Market

DPR: KTT G20 Momentum Pembuktian Sri Mulyani Jago Renegosiasi Utang Atau Sebaliknya

Di hari terakhir G20 Finance Track, Menteri Keuangan Sri Mulyani bertemu sejumlah pimpinan lembaga keuangan dan perbankan dunia. Forum ini seharusnya dimaksimalkan untuk renegosiasi utang luar negeri Indonesia.

Anggota Komisi XI DPR, Kamrussamad mengingatkan Sri Mulyani agar tidak melupakan renegosiasi utang luar negeri (ULN) dengan sejumlah lembaga perbankan dunia. Jangan sampai forum tersebut hanya seremoni, apalagi dijadikan wahana untuk menambah utang luar negeri baru bagi Indonesia.

“Seharusnya dalam pertemuan dengan pimpinan lembaga perbankan dunia, menteri keuangan Sri Mulyani bisa memperjuangkan renegosiasi Utang Luar Negeri Indonesia.

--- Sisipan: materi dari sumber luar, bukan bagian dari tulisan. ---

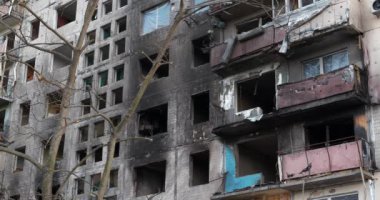 Ukrayna 'da savaş. Bombalamadan sonra. Rus saldırganlığı. Ukrayna halkına terör ve soykırım. Rus terörist kuvvetleri Mart 2022 'de Kyiv' deki bombardıman konutu tarafından imha edildi. Rusya - terörist ülke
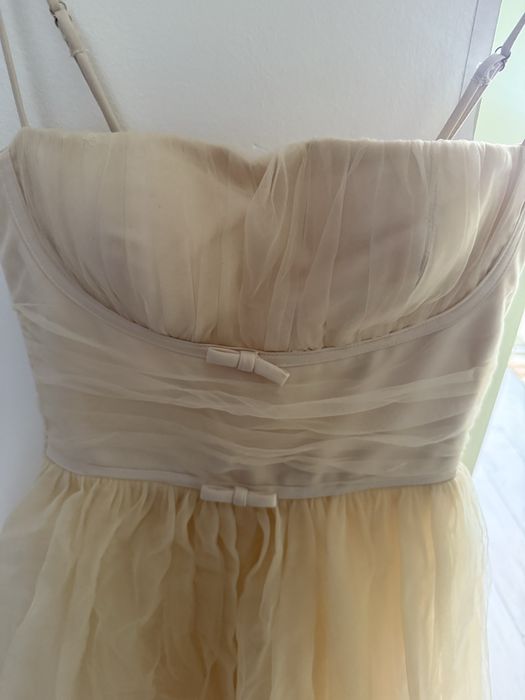 платье на выпускной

Tapi, renegosiasinya tidak cukup dengan hanya sekedar penghapusan bunga, namun harus penurunan utang pokok,” tegasnya, Jakarta, Selasa (18/10/2022).

Dalam forum Presidensi G-20 yang berlangsung bulan depan (November), politisi Gerindra ini, mengingatkan Sri Mulyani agar memanfaatkannya untuk renegosiasi utang. “Kita masih punya kesempatan di forum G20 November nanti. G20 harus jadi momen bagi Menkeu Sri Mulyani untuk renegosiasi seluruh utang luar negeri Indonesia,” tandasnya.

Menurut Kamrussamad, anggaran pembayaran bunga utang yang ditanggung APBN, melonjak tiap tahun. Semisal, Rancangan Anggaran Pendapatan dan Belanja Negara (RAPBN) 2023, anggaran untuk pembayaran bunga utang mencapai Rp441, 4 triliun. Atau naik 35,5 persen dibandingklan anggaran bunga utang dalam APBN 2022.

Selanjutnya dia menyampaikan bahwa renegosiasi penghapusan bunga utang saja tidak cukup. Apalagi kalau renegosiasinya hanya berupa pengalihan program pembiayaan alias debt swap.”

“Posisi ULN Indonesia pada akhir Agustus 2022, mencapai 397,4 miliar dolar AS. Atau sekitar Rp6.147 triliun (kurs Rp15.470 per dolar AS). Memang turun dibandingkan posisi ULN pada bulan sebelumnya sebesar 400,2 miliar dolar AS,” ungkapnya.

Akan tetapi, lanjut Kamrussamad, posisi ULN secara tahunan atau year on year (yoy) pada Agustus 2022 mengalami kontraksi 6,5 persen. Lebih dalam ketimbang kontraksi pada bulan sebelumnya yang sebesar 4,1 persen (yoy).  “Jadi, kita ingin Menkeu tidak hanya jago menciptakan utang baru, tapi juga handal renegosiasi utang yang ada.,” pungkasnya.